Scan the records beneath this line for the line holding "Rolling Mobile Desk" and the line holding "Oyster Cocktail Napkins - White & Silver", then transcribe exactly those two and all lines between.

=== STUDY MATERIAL ===
::::
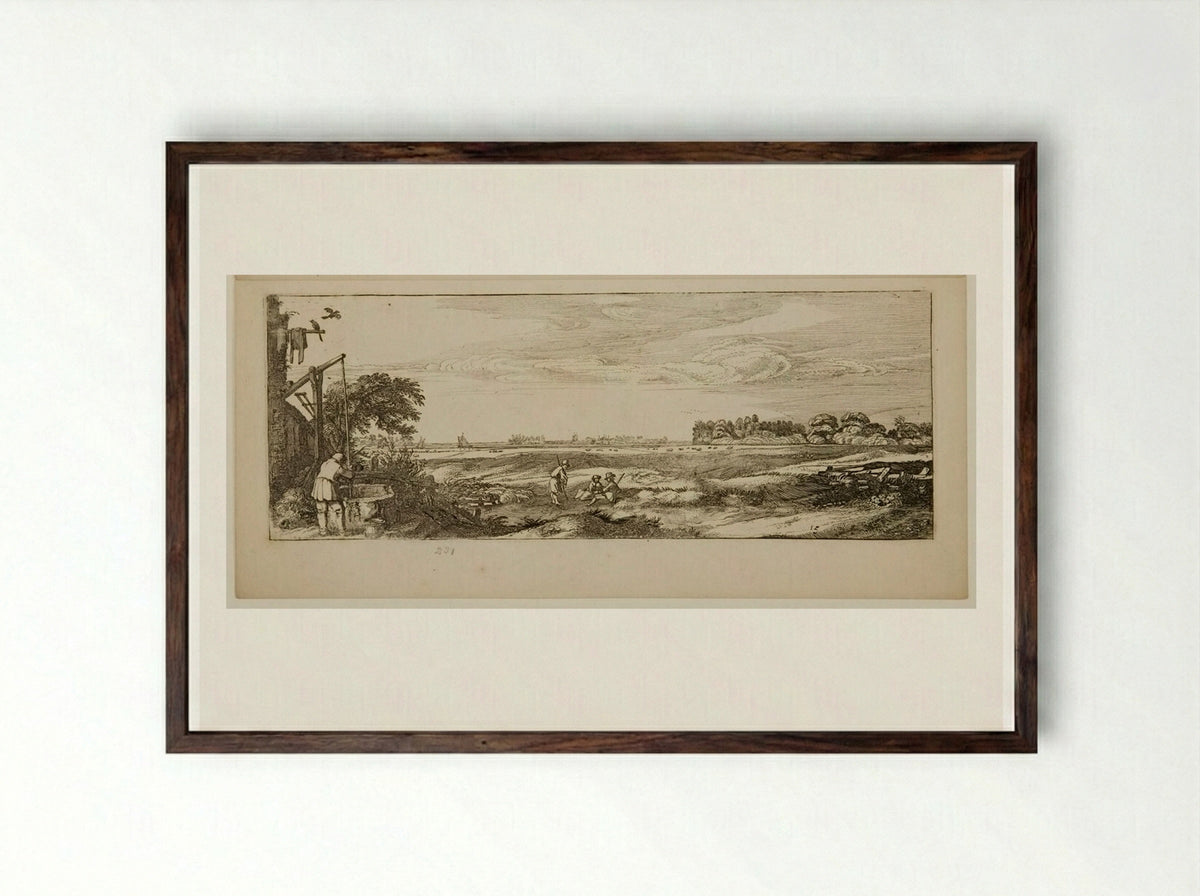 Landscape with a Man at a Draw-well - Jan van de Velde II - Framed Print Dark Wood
::::
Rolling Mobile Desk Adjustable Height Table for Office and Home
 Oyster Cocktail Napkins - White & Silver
::::
=== OUTPUT BELOW ===
Rolling Mobile Desk Adjustable Height Table for Office and Home
 Oyster Cocktail Napkins - White & Silver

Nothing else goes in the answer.